Prothero’s description of “critics of hyphenated Americanism” as “conservative” is also misleading. The leading opponent of Catholic-hyphenates was the father of modern liberalism, Woodrow Wilson. He insisted they were “pouring poison into the veins of national life.”

In the 1930s, the liberal wing of the Democratic Party welcomed Catholics not because they were inclusive, open-minded lovers of liberty, but because they needed their votes.

Although Catholic Al Smith was beaten badly in the 1908 presidential contest, he was the first Democrat to carry America’s twelve largest cities. Smith’s candidacy brought out Catholic immigrant voters in record numbers. Four years later, Franklin Roosevelt built a winning coalition of urban Catholics and Southern segregationists that lasted until the Johnson landslide of 1964.

Catholics later left the Democratic Party in droves and became an integral part of the Reagan coalition, because they believed leftist social planners who frowned upon Catholics’ cultural values had largely captured the Democrats.

As for recent leftist cultural victories, they owe a great deal to what Richard Hofstadter called “totalitarian liberals,” using illiberal means to achieve so-called liberal ends.

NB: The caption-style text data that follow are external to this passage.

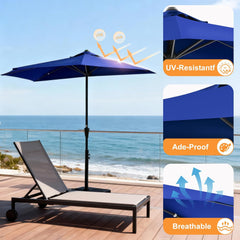 MyDepot Half Umbrella Outdoor Patio，9FT scalloped Patio Umbrella with Easy Crank, Sun Half Patio Umbrella for Patio, Market, Garden, Balcony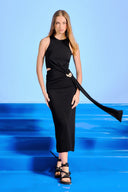 Vestido Cropped Midi Preto
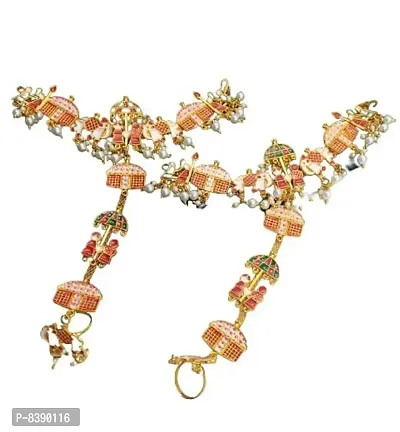 Stylish Fancy Brass Pearl Jewellery Set For Women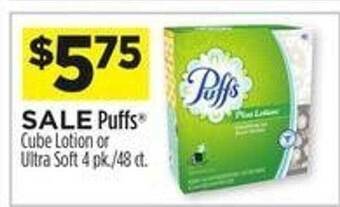 Dollar General Puffs cube lotion or ultra soft 4 pk-48 ct. offer
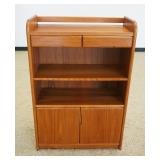 1187	DANISH TEAK SHELF WITH 2 DRAWERS AND 2 DOORS, APPROXIMATELY 32 IN X 13 IN X 47 IN H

They embraced “hatred as a form of creed” in pursuit of “reform.”

In the name of human rights, secular humanists have imposed relativist policies that have all but eliminated Judeo-Christian moral restraints and have ushered in what Pope Benedict called “a confused ideology of liberty [that] leads to a dogmatism that is proving evermore hostile to real liberty.”

Professor Prothero is right that liberals have been winning the culture wars, but wrongly hails those victories as advancing the cause of liberty itself.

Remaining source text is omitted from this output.